Style and Technique
Robbe-Grillet uses surrealism to illustrate feelings about traditional gender relations. This is perhaps the best form in which to express such thoughts, as the topics and questions raised challenge the traditional way one thinks about the world. It is also more effective to present this conflict with shadowy characters in an unreal setting than to discuss it in a more realistic manner. The surreal context allows readers to step outside their own situations and look at the story from a perspective that had not been previously possible. Thus readers may empathize with a fictional character who may not be unlike a person from everyday life. Readers may then be equipped to apply this new perspective to their own situations.
Robbe-Grillet’s writing is characterized by detailed descriptions. The story begins with the minute details of a flow of blood that, at first, seems to fill the entire picture. It is hard for the reader to tell what will happen next, because the setting is so unfamiliar.
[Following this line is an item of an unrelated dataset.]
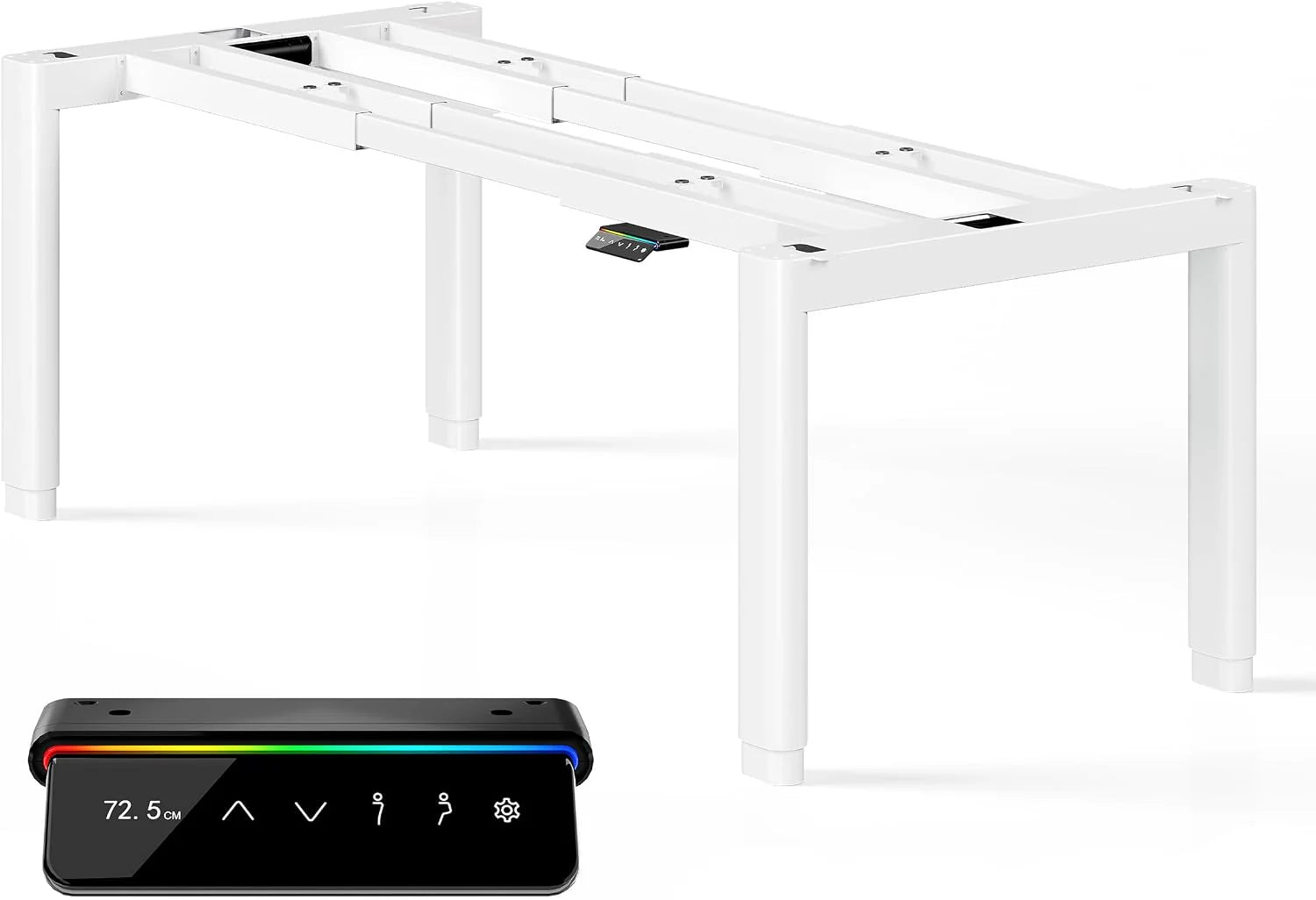 MAIDESITE T4 Pro Plus Bureauframe, in hoogte verstelbaar, met 240 kg hefcapaciteit, elektrisch in hoogte verstelbaar bureau met 2 motoren, ultrastabiel tafelframe met 4 ovaal beenontwerp(Wit)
When the unfamiliarity is established, Robbe-Grillet denaturalizes the view of the reader through a cinematic viewpoint. The reader is coerced into viewing the scene in the way the author has presented it. This cinematic technique is useful in demonstrating the author’s assertion that the mutilations described happen in a temporal context as well as in a spatial one, a fact most clearly demonstrated as the story appears to rewind and play back, and also when the author reveals the same scenes from different vantage points.